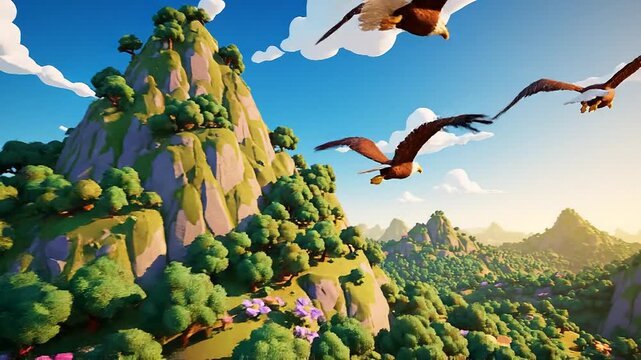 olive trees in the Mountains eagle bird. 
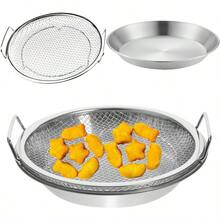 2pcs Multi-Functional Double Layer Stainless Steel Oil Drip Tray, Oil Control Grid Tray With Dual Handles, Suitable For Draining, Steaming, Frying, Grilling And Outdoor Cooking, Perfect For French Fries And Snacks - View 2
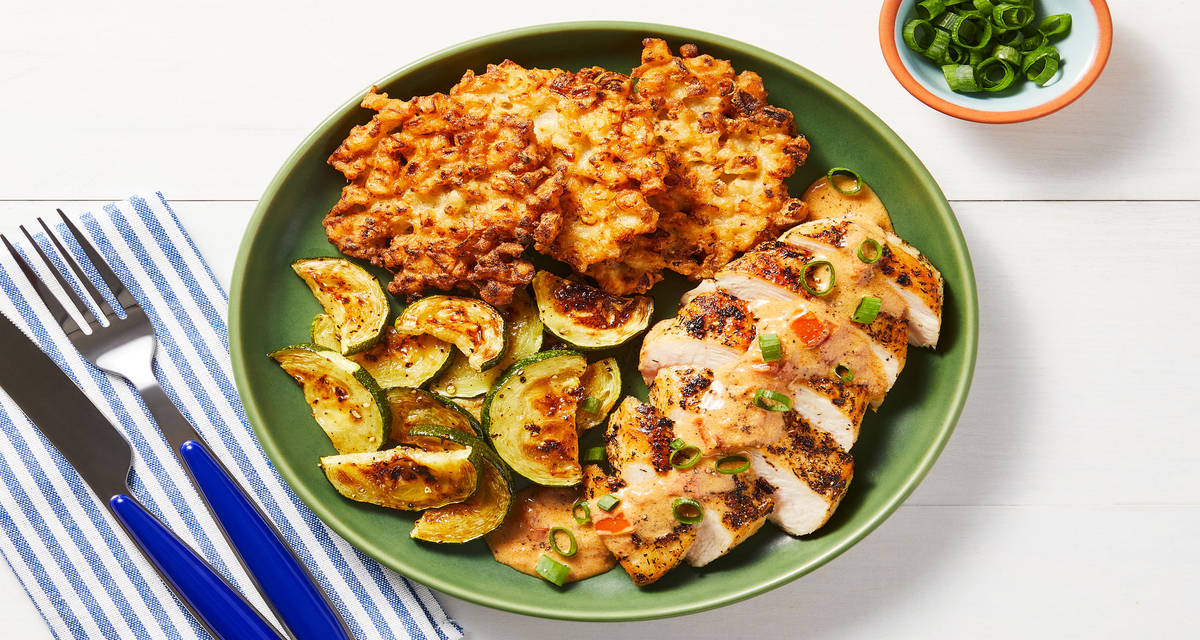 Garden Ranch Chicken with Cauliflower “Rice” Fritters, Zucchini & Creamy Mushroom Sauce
=-=-=-=-=
WHAT THIS TASK INVOLVES = What you return should be only the lines from the line with "2pcs Multi-Functional Double" through the last line of the listing above, exactly, both ends included, pictures excluded.

SOLUTION TO THIS PROBLEM =
 2pcs Multi-Functional Double Layer Stainless Steel Oil Drip Tray, Oil Control Grid Tray With Dual Handles, Suitable For Draining, Steaming, Frying, Grilling And Outdoor Cooking, Perfect For French Fries And Snacks - View 2
 Garden Ranch Chicken with Cauliflower “Rice” Fritters, Zucchini & Creamy Mushroom Sauce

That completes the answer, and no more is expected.